The divide, oft-touted as an issue in the region, is an issue that regional movie-makers are keen to narrow.
With this year’s edition opening with Mira Nair‘s The Reluctant Fundamentalist, organizers are also pointing to the fact that this year’s shindig includes eight Qatari films helmed by women directors, eleven films by Arab women filmmakers will unspool in the Festival’s Arab film competition, while the contemporary world cinema, special screenings, and tribute to Algerian cinema sidebars feature a further six titles directed by women.
The Arab film competition boasts Maggie Morgan’s Asham: A Man Called Hope, which narrates the stories of six couples at different stages in their relationship, set against the lead up to the Jan. 25 Revolution and Hanan Abdalla’s In the Shadow of a Man, that presents the personal revolutions of four women from different backgrounds in post-revolution Egypt.

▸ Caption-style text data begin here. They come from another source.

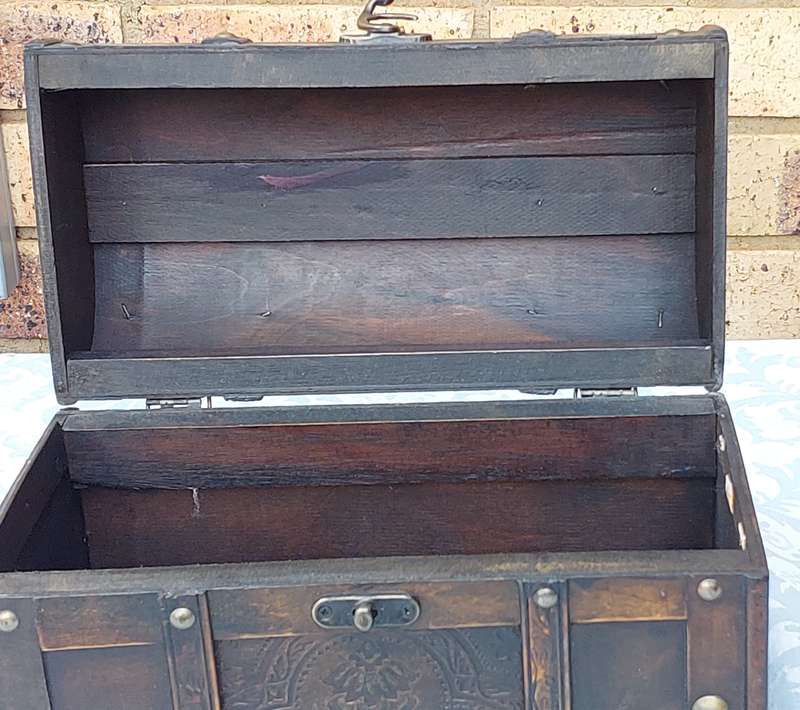 A VINTAGE WOODEN PIRATES JEWELRY CHEST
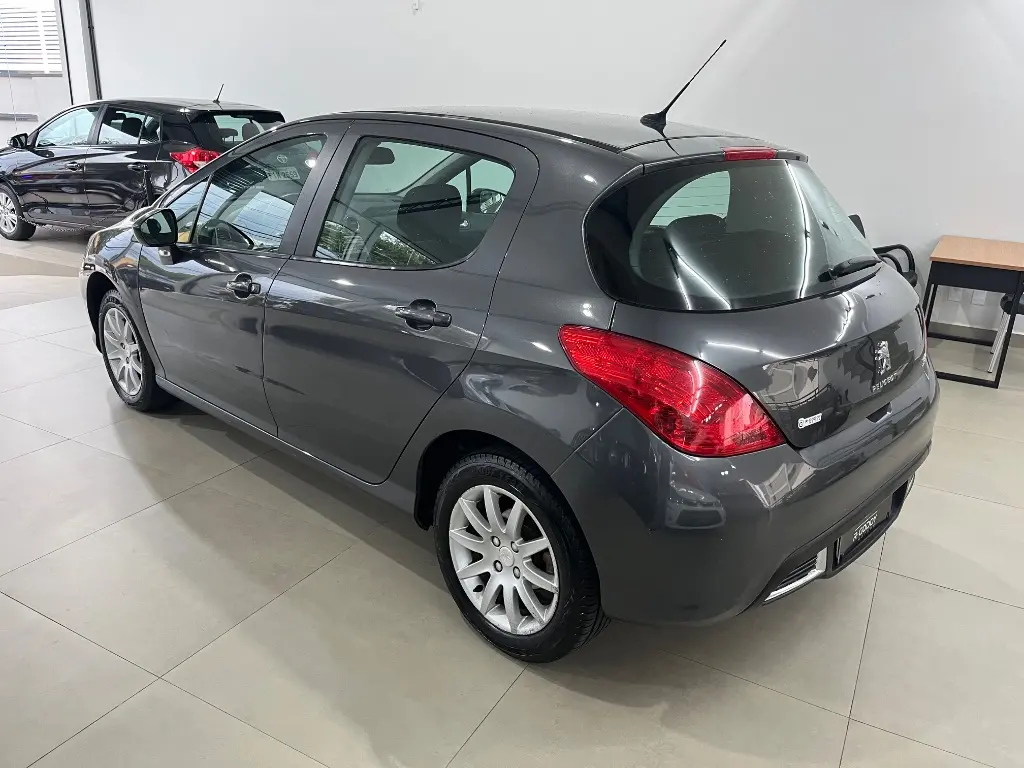 PEUGEOT 308 - Foto
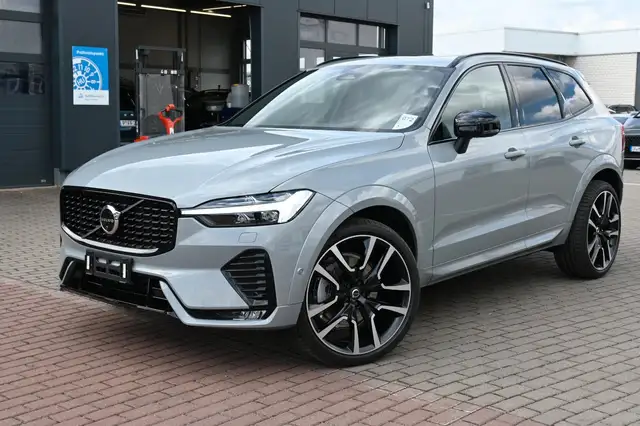 Volvo XC60 main image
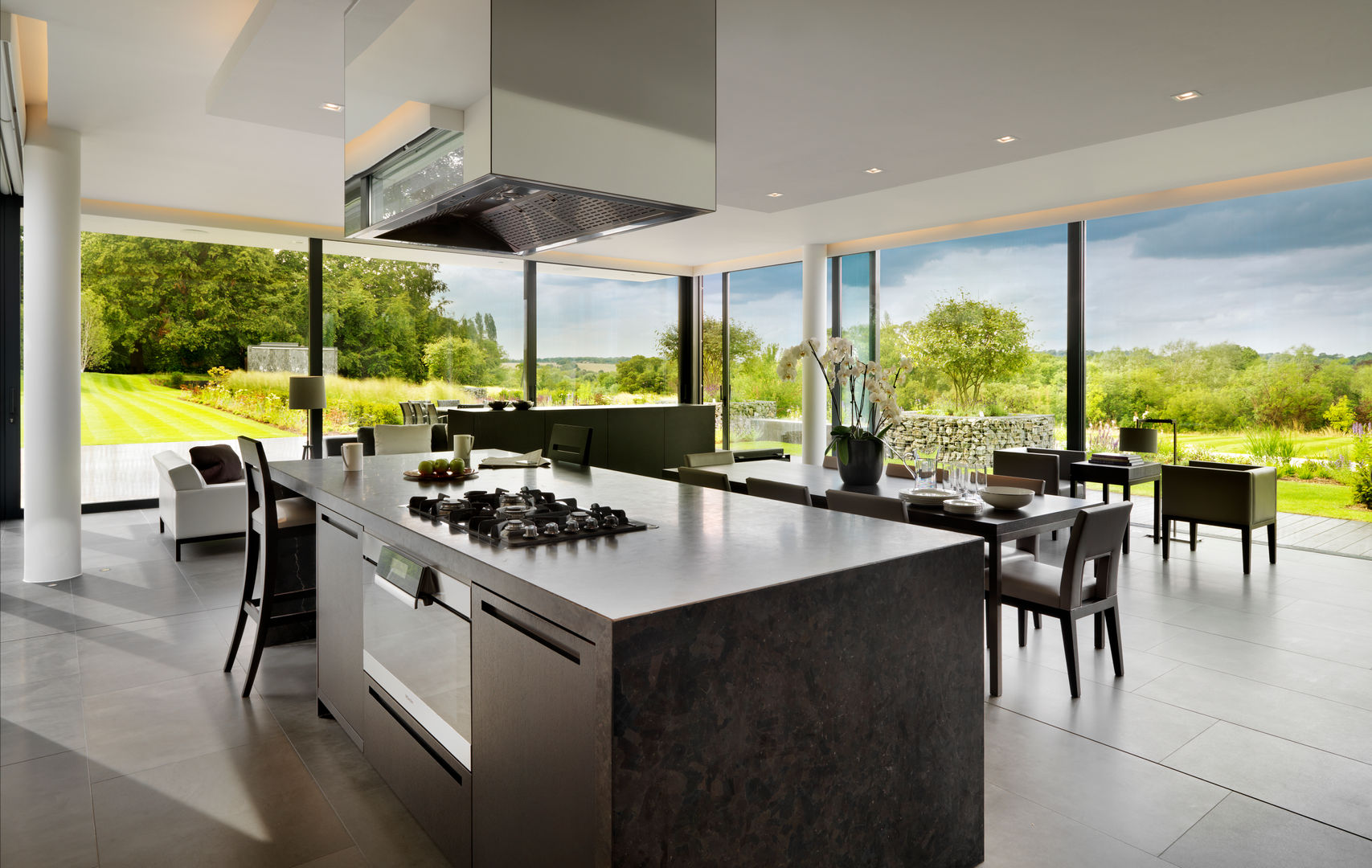 Berkshire, Gregory Phillips Architects Gregory Phillips Architects Modern kitchen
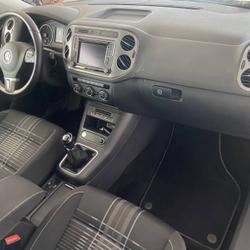 Volkswagen Tiguan 2.0 TDI 110 FAP BlueMotion Technology S&eacute;rie Sp&eacute;ciale Lounge Saint-Jean-de-Monts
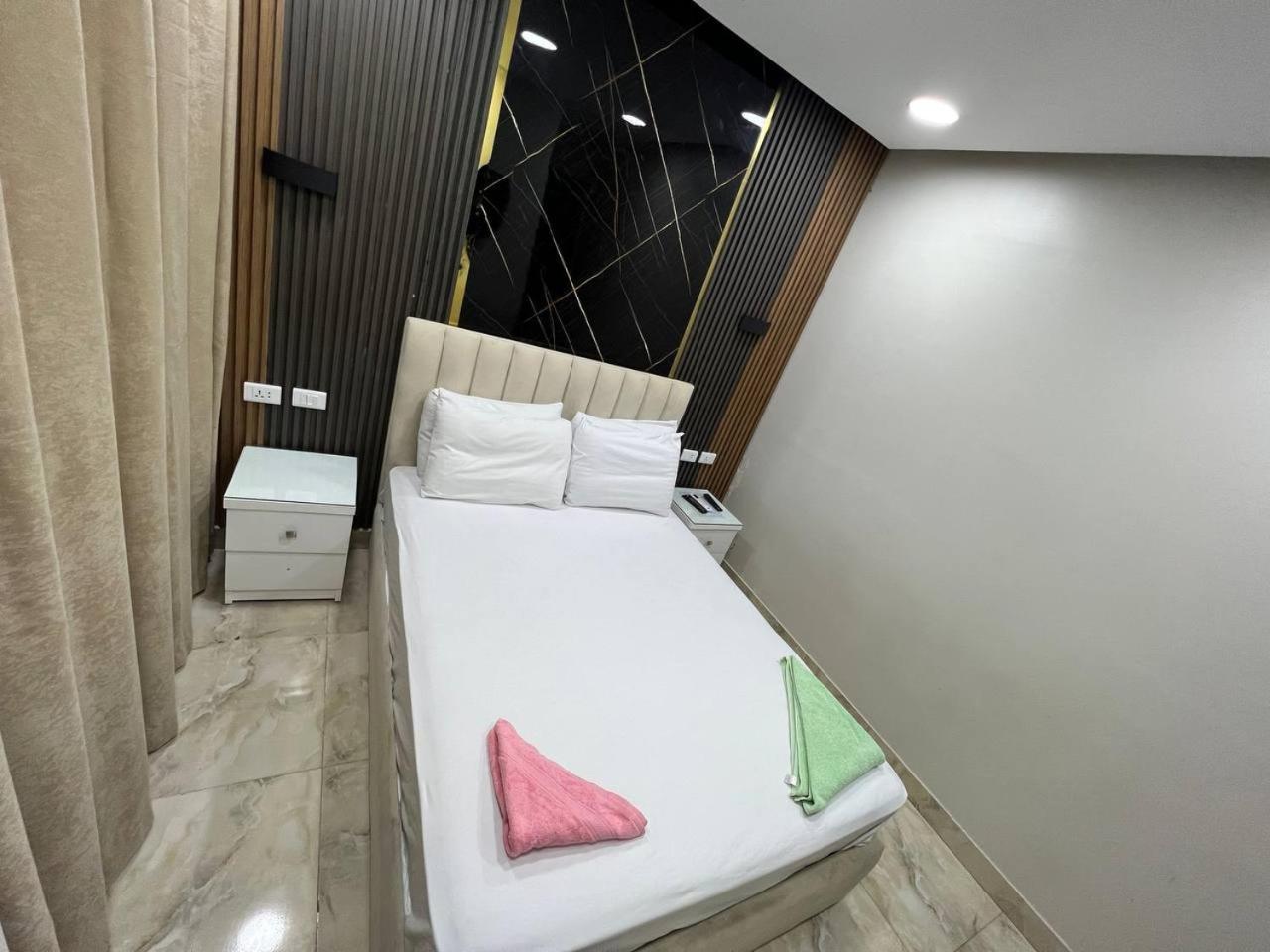 Lucky Hostel ไคโร ภายนอก รูปภาพ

Also In Competition are Tamara Stepanyan’s Embers, a tribute to the memory of the filmmaker’s grandmother, A Deep Long Breath by Tahani Rached which documents the 18 days that brought about the end of dictatorship in Egypt; Rafea: Solar Mama by Jehane Noujaim and Mona Eldaief, which follows the story of a Jordanian Bedouin mother who leaves her home to travel to India to obtain an education; The Lebanese Rocket Society co-directed by Joana Hadjithomas billed as a reflection of the reawakening of hopes in the wake of the Arab spring; Sanctity by Ahd Kamel, which documents the story of a pregnant, young Saudi widow who will endure anything to protect her unborn child; L`Mrayet by Nadia Rais about a man who is hired to write the future; Ismail by Nora Alsharif about a young Palestinian boy living in a refugee camp who struggles to escape death when he and his little brother stray into a minefield; When They Slept by Maryam Touzani about the relationship between a grandfather and a granddaughter and The Wall by Odette Makhlouf Mouarkech about living everyday life in Beirut during the civil war.
In addition to her opening night duties, Nair will also lead a panel on the making of The Reluctant Fundamentalist, a film part financed by the Doha Film Institute.
The festival runs Nov. 17 through 24.